If there was some way to consolidate all my media-based drives into one pool or drive letter without using a RAID scheme, that would probably be my best solution, as I really don't know squat about the various incarnations of RAID.

I should also probably investigate WHS, as that seems fairly user tolerant.
 
since you're already running windows 8.1, what about Windows Storage Spaces?
it seems the system is used mainly for playback (reads) so a somewhat low write speed shouldn't be much of a problem, just leave a disk or 2 out of the pool if you plan on ripping any media to the system.
 
since you're already running windows 8.1, what about Windows Storage Spaces?
it seems the system is used mainly for playback (reads) so a somewhat low write speed shouldn't be much of a problem, just leave a disk or 2 out of the pool if you plan on ripping any media to the system.

I'm a linux guy, and if this were linux I'd suggest LVM. In a quick search for Storage Spaces, it seems that it's basically the same idea.
 
I don't think I need RAID per-se. Just some way to consolidate different physical media onto one logical volume.

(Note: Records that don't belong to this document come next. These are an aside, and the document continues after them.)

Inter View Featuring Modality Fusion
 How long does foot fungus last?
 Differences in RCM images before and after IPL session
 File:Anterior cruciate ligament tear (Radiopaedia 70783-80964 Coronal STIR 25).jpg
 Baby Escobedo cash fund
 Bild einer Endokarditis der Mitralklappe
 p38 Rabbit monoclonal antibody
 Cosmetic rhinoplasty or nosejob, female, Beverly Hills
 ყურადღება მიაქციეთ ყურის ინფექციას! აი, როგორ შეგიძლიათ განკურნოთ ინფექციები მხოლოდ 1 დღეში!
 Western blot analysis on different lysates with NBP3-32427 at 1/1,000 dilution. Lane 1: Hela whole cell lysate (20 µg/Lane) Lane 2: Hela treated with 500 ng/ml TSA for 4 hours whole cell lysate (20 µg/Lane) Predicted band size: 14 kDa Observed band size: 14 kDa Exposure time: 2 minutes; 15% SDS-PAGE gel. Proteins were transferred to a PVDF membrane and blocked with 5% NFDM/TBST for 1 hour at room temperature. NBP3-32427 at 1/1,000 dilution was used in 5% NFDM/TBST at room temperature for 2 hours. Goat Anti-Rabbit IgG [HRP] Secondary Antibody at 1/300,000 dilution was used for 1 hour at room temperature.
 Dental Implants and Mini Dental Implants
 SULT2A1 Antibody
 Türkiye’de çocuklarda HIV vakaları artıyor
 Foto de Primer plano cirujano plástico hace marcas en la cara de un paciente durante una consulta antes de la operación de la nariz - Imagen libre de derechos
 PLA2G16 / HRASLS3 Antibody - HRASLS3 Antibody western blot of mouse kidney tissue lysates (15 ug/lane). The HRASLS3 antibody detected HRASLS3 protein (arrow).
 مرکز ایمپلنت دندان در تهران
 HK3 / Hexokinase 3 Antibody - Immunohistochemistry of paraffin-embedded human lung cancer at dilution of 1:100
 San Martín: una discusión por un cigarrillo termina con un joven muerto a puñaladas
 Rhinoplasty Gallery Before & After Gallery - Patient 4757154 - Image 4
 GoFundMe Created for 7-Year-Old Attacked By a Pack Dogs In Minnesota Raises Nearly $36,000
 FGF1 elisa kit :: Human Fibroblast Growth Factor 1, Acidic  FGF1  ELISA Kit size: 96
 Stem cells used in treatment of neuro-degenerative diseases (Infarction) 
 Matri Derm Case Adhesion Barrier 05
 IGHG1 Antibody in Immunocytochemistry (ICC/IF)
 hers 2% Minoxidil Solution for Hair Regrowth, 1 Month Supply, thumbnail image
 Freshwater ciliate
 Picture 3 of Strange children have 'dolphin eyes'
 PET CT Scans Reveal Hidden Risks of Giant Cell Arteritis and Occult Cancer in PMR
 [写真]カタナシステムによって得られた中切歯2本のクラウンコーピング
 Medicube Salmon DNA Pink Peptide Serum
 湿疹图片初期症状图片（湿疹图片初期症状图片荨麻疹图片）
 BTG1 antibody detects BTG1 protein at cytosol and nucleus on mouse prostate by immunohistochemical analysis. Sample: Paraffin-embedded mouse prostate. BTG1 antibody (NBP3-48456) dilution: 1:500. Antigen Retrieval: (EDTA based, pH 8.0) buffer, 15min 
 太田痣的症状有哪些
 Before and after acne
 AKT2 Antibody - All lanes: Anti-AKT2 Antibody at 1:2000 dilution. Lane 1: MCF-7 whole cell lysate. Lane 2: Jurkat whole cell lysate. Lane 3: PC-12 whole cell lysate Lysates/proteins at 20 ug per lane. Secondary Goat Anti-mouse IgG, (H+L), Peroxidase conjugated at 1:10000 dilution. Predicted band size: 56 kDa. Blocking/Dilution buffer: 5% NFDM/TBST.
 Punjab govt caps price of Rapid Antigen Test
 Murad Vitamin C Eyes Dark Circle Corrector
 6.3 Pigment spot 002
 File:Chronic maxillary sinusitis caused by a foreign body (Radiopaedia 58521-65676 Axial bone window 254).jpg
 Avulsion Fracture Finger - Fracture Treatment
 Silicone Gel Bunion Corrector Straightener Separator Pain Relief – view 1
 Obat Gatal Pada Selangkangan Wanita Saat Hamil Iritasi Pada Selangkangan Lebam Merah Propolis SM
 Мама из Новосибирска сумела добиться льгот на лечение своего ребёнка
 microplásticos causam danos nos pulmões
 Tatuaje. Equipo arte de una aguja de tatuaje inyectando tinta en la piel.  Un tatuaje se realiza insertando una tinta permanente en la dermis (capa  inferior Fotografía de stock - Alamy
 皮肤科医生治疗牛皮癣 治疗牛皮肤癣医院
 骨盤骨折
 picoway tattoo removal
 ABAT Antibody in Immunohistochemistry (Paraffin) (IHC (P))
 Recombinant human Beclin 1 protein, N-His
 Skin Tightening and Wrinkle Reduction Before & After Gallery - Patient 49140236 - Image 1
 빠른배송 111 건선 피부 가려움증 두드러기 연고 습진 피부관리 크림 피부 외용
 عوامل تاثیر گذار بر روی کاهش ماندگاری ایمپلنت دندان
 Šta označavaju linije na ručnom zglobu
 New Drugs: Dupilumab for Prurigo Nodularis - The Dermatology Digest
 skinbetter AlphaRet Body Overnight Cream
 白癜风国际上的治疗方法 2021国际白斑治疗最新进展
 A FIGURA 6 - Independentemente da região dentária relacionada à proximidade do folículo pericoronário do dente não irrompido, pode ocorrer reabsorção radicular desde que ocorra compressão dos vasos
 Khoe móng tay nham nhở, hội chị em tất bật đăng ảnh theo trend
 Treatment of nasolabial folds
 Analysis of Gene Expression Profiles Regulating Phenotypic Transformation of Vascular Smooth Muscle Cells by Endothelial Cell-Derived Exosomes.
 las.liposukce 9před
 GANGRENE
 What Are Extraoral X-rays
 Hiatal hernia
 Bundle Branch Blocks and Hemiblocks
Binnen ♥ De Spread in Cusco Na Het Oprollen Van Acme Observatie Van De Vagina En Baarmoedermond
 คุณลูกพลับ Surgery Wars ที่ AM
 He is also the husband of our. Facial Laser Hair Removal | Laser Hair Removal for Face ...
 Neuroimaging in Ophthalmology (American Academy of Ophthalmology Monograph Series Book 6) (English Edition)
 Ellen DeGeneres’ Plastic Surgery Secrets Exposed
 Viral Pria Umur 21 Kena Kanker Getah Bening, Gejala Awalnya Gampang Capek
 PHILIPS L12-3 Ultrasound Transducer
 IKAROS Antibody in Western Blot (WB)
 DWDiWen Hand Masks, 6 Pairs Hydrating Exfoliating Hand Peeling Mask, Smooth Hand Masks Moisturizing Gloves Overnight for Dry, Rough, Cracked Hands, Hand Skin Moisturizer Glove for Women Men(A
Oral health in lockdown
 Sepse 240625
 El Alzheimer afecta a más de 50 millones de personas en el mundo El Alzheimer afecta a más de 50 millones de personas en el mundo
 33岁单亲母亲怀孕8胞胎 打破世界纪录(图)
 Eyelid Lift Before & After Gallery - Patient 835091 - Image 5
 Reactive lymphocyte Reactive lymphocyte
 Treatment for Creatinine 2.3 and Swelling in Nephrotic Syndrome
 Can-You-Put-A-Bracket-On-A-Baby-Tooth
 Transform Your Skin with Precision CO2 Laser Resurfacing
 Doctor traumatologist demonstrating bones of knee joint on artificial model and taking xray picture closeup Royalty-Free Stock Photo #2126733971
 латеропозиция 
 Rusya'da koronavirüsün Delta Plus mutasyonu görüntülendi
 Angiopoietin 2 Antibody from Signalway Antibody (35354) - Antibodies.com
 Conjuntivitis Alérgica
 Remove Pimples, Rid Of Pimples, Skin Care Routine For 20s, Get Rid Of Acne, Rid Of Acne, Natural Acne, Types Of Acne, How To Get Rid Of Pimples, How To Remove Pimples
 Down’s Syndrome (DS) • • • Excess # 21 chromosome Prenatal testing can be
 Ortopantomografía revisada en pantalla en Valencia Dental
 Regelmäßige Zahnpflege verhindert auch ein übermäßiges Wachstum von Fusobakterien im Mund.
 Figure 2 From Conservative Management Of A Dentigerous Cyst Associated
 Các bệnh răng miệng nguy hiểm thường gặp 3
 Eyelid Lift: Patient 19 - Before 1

I did try out WSS w/parity and it looks pretty solid. The only thing that kinda/sorta concerns me is what sort of procedure is needed to reverse the process. What happens if the Windows installation that originally created the WSS goes belly-up one day and I have to reinstall the whole OS? Will the reinstallation somehow remember that drives M, N, O, and P should be treated as one drive?
 
from the Storage Spaces FAQ

What happens to Storage Spaces when moving physical disks between servers?

Storage Spaces records information about pools and storage spaces on the physical disks that compose the storage pool. Therefore, your pool and storage spaces are preserved when you move an entire storage pool and its physical disks from one computer to another.

Windows Server 2012 starts storage that could potentially be shared with a cluster in a safe state. For Storage Spaces, that means the first time Windows connects to a storage pool, the pool starts as read-only and the storage spaces will start in a detached state. To access your data, you must set the storage pool to read-write and then attach the storage spaces.

These steps do not apply to Windows 8 – storage pools start as read-write and storage spaces start as attached.

I imagine the same thing applies when reinstalling the OS
 
I have a similar setup as you do and I use Win 8.1. Read speeds are fine and write speeds are slow. I have never owned a green drive, but the new 4TB seagates power down in a similar manner. Storage Spaces work fine with them, it just takes a sec to spin up. Parity is super simple to use. I know you can mix and match drive sizes in Storage Spaces, but let me run this by you. SCENARIO: You have two 4TB drives and one 1Tb drive installed and are using parity. .5TB of a file gets saved to one 4TB, .5 TB gets saved to the other 4TB, and the checksum (equal to .5TB) gets saved to the 1TB. What do you think your redundancy will be once the 1TB is full? It will work, but with no more room to save a third of the file you just put on your pool you no longer have redundancy on that file. Just my two cents, keep similar drives together and do not span across them.
 
Wow. Sounds almost magical if you can do a wipe/reinstall of the OS and the new installation will continue to recognize a previous WSS configuration.

Unborndragon, right now, I've just done a test with four 4 TB Reds. I probably won't bring the 2 TB Greens into the Red pool, but will give them their own pool with an eye towards replacing them altogether with Reds as money permits. The Black and the Samsungs I'll probably just keep them as they are.

Another unfortunate aspect of my system I just discovered - the Gigabyte motherboard I'm using only sees the Reds as having 2 TB of space. Ugh.